Evaluating Elixir Functions - Part 1

Spiral staircase

When I first read about generators in JavaScript, I assumed, “magic.” Reading the spec is interesting but to get to the guts of how they are implemented, I would have to dig into some C/C++ code. When I wanted to learn about how Elixir implements Streams, I found it very easy to get an understanding how one can lazily iterate over a range.

Why did I find it so easy? This is, in part, due to the functional world in which we operate. You change state by calling a function, not by making an assignment. No longer are we thinking in steps but rather in a sequence of operations. This greatly frees our mind to focus on the domain of the problem rather than focusing too much on organizing and taming the domain.

Although the docs provide a good example why composable lazy streams are efficient for large data sets, I figured we could start with a basic example.

stripes = Stream.cycle([:red, :white, :blue])
stripes |> Stream.take(6_000_000) |> Enum.to_list # [:red, :white, :blue, :red, :white, :blue, ...]
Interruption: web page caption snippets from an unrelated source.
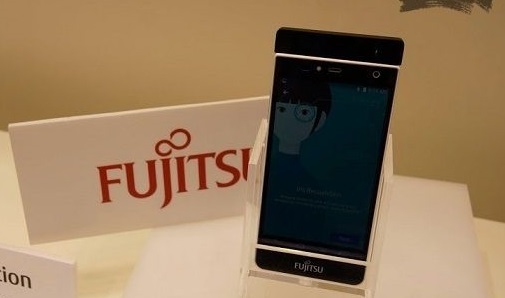 MWC 2015: Fujitsu smartphone with iris scanner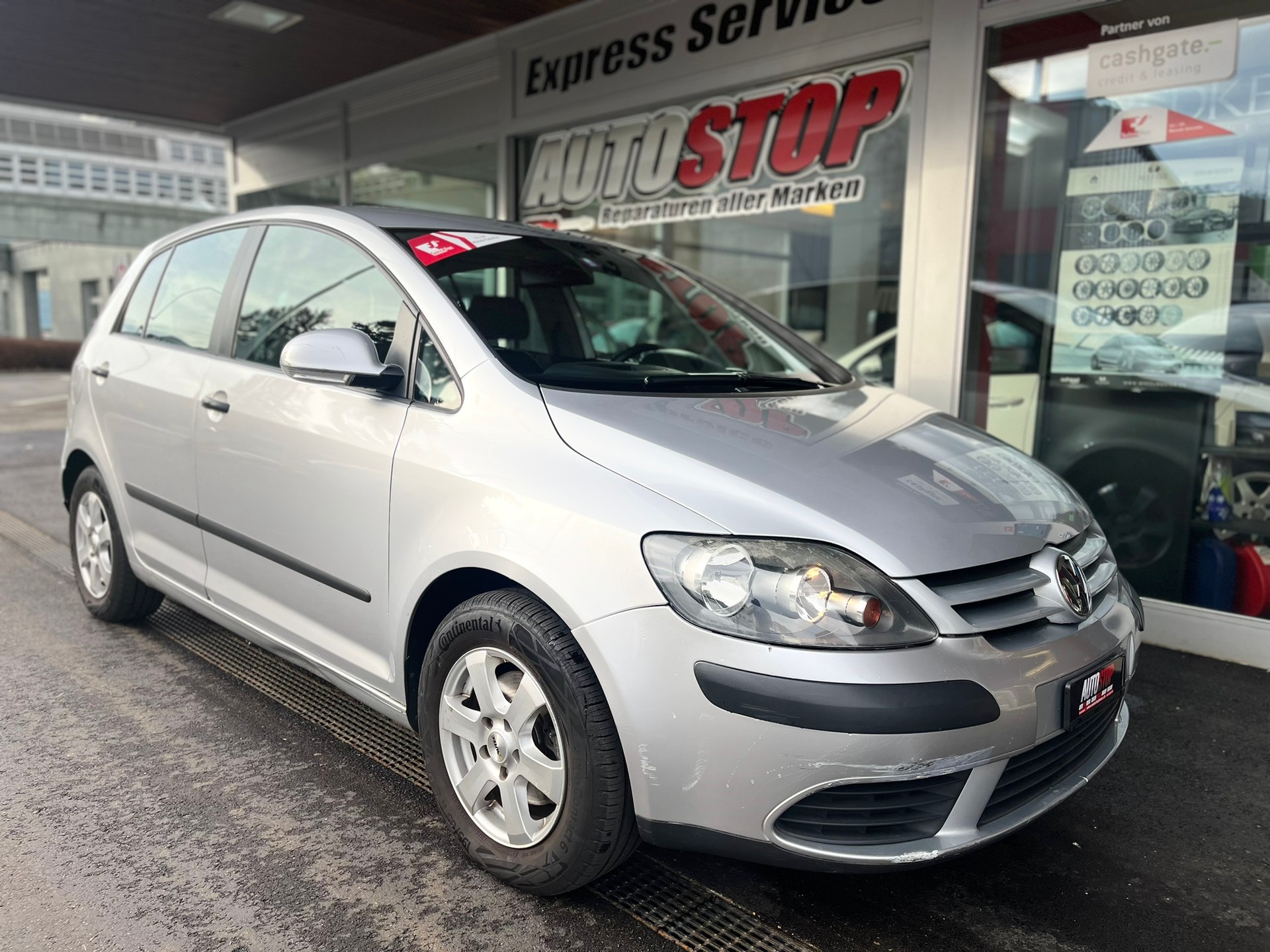VW Golf Plus 1.6 FSI Comfortline-image-0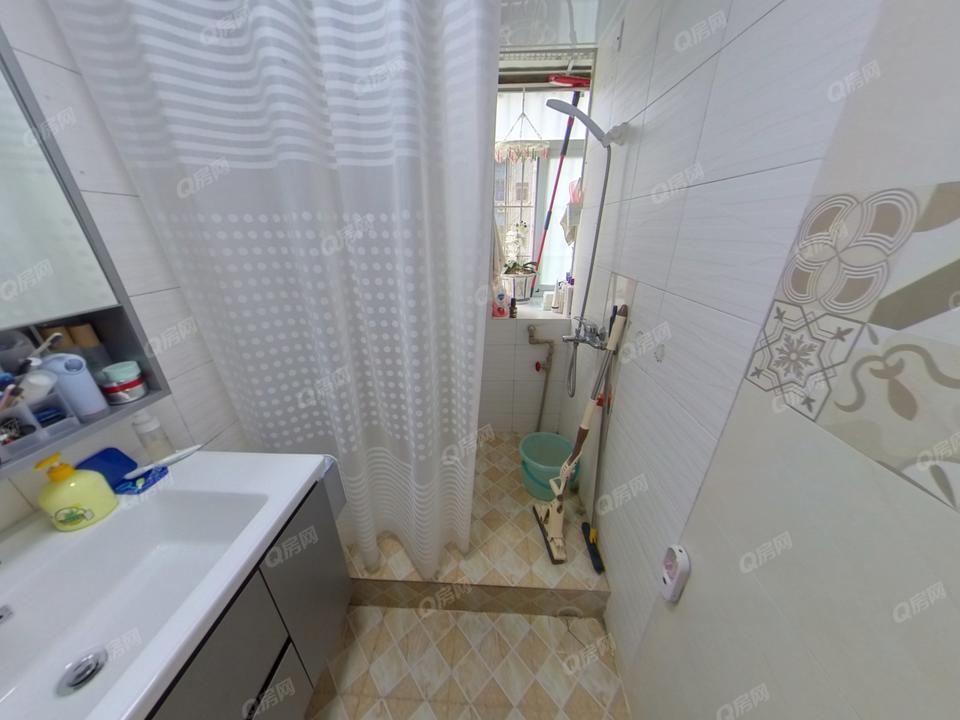 国展苑 2室2厅72.76m²满五唯一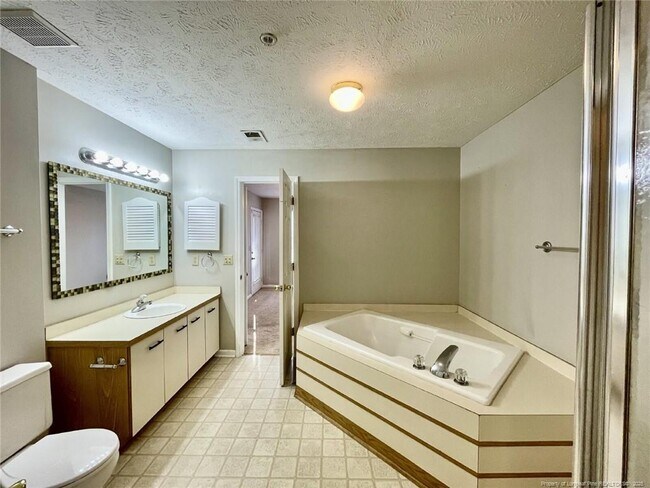 Building Photo - 6724 Willowbrook Dr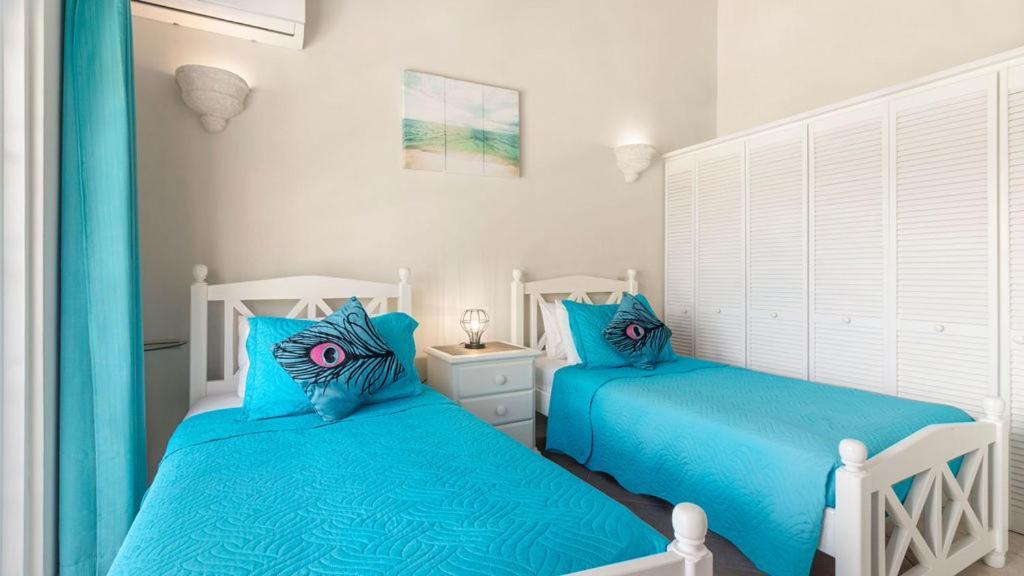 Nanpa, Luxury Family Three Bed Villa, St James West Coast, Private Pool 圣詹姆斯 外观 照片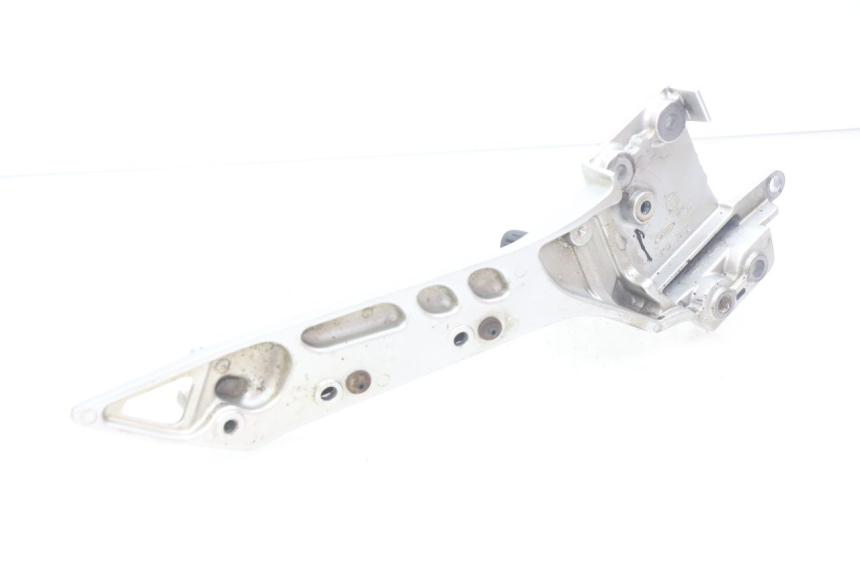 photo de LEFT FRONT FOOTREST BRACKET YAMAHA FJR ABS 1300 (2006 - 2012) - Surface and material condition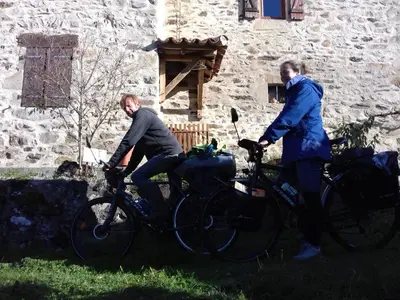 Vélo sur le terrain de l'établissement Chez Claire ou dans les environs
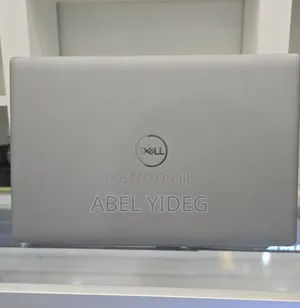 New Laptop Dell Precision 3561 16GB Intel Core I7 SSD 256GB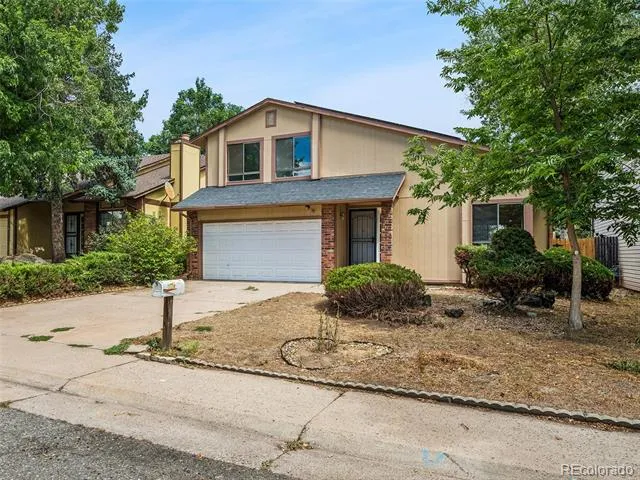 1522 S Carson Street Aurora, CO 80012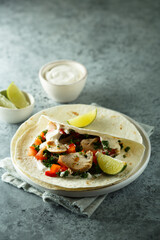 Flatbread with chicken and vegetables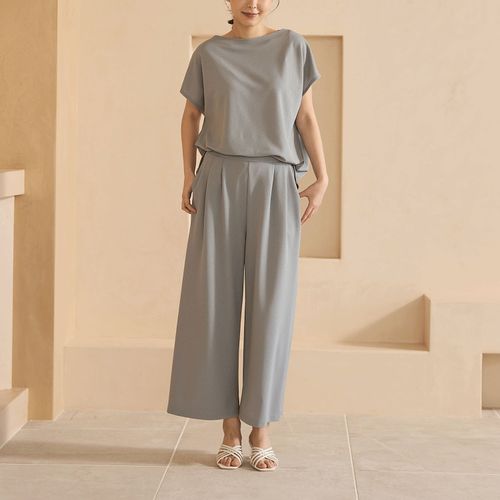 パレ・フタバ
Reginetta 涼しやドライワッフル・チュニックT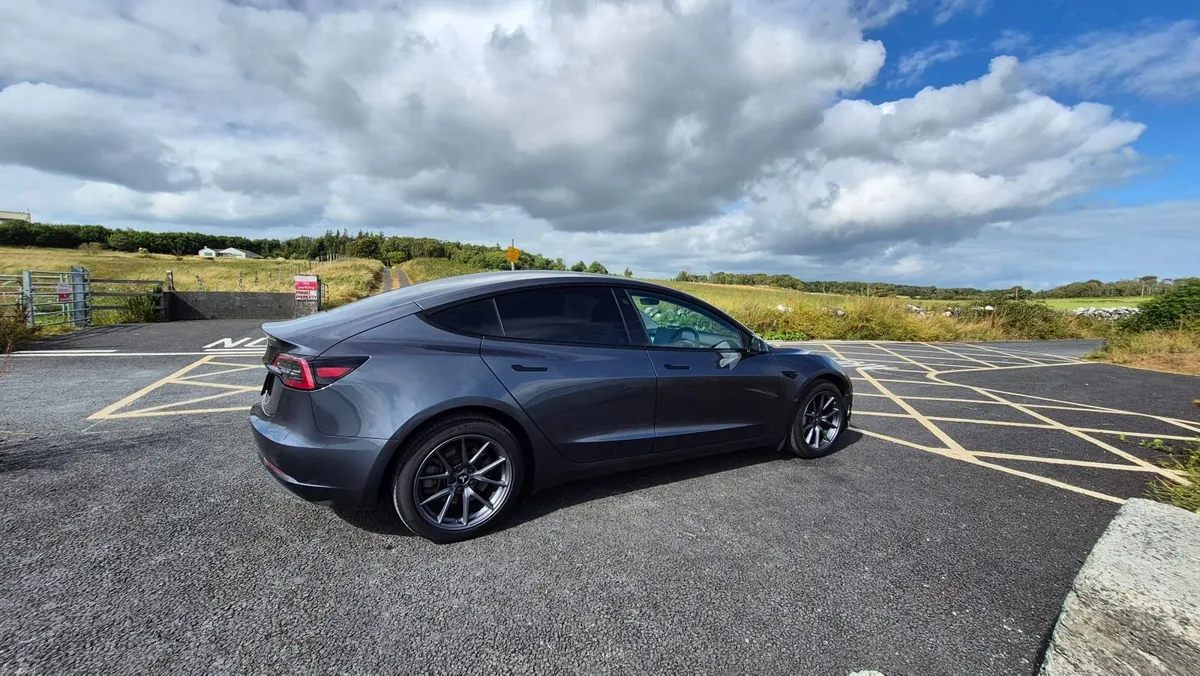 Tesla Model 3 RWD 2023 - Image 5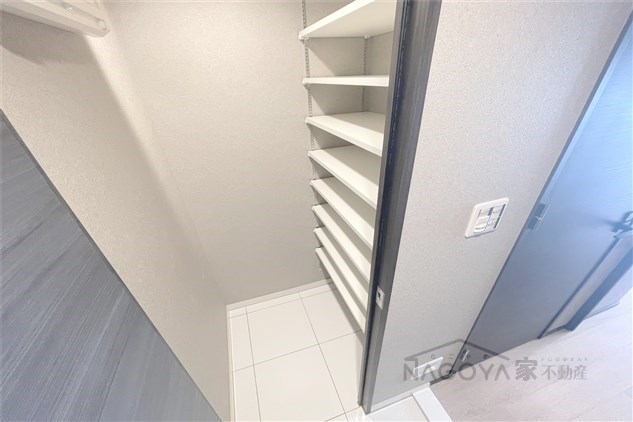 プレサンスロジェ名古屋浅間町ザ・レジデンス 玄関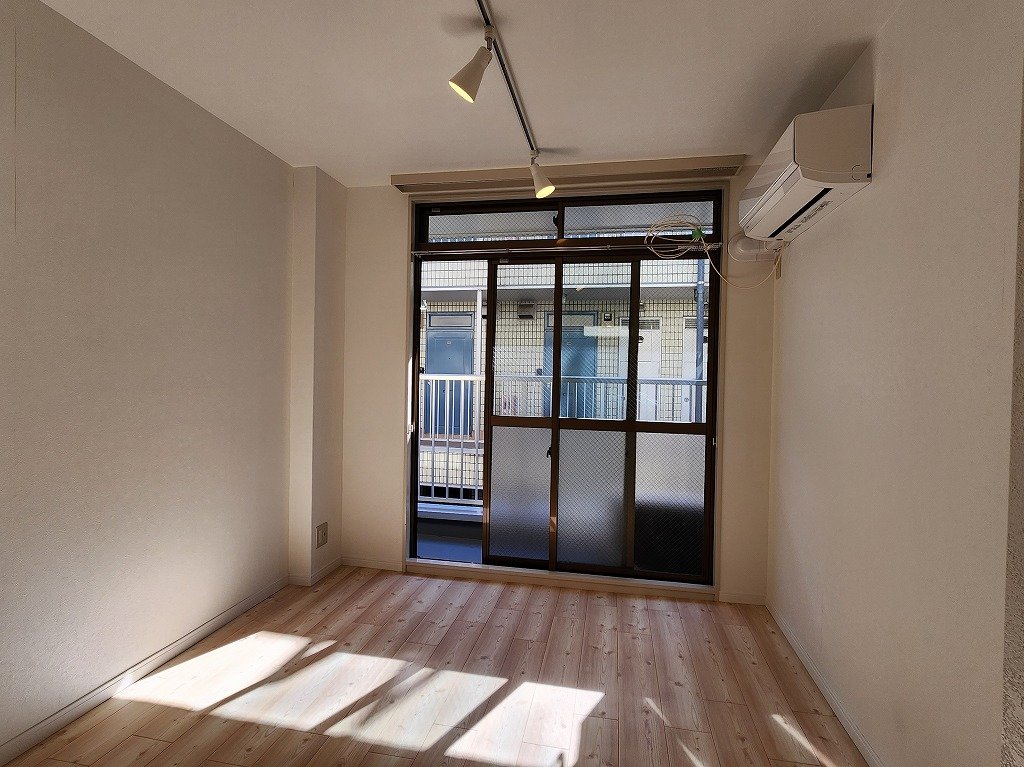 居室・リビング　日当り良好　リノベーションルーム　喫煙者契約不可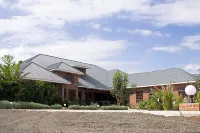 Airport Planet Lodge - Airport Shuttle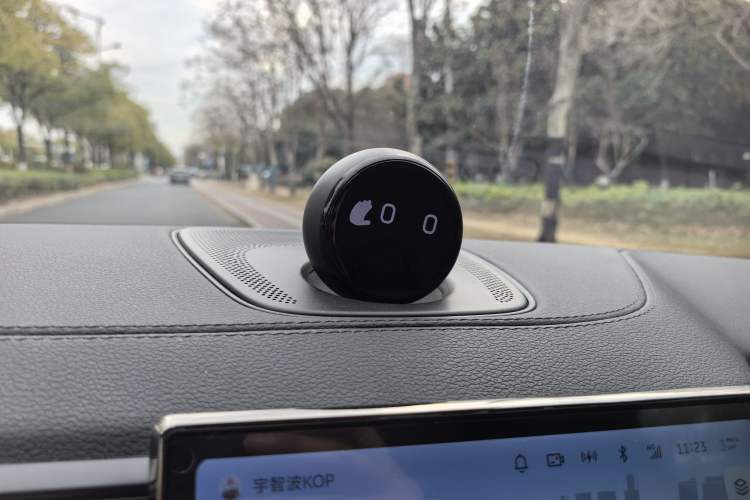 Used Nio ES6 2022 75 kWh Performance Version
Looking at the above code, you may come up with a few ways one can build up a list like this. If you take it at the source code, you will learn pretty quickly how it works. In this article, I will introduce some broader functional programming concepts as well as dive into how one iteration of a stream is implemented.

Stream.unfold/2

Stream.unfold/2 is a cool utility function that is based on a functional idea called anamorphism — a sequence generated by applying a defined function to the previous result until a terminating condition is received. In fact, the term unfold is related to a standard operator in functional programming called fold, a family of higher order functions that is the basis for all functional programming. In the most familiar sense, this can also be replaced by the word reduce. Stated as defined, it is a function that analyzes a recursive data structure by recombining each analyzed part into a return value. Here is a paper providing explanations and proofs of the power of fold.

With this background, we can simply state Stream.unfold/2 analyzes a recursive data structure and generates successive values until told not to, returning an Enumerable type. unfold/2 also is the basis for other methods in the Stream module like iterate/2, interval/1 and cycle/1. Let’s look at the implementation in parts (as of Elixir 1.8.1) by generating a Fibonacci sequence.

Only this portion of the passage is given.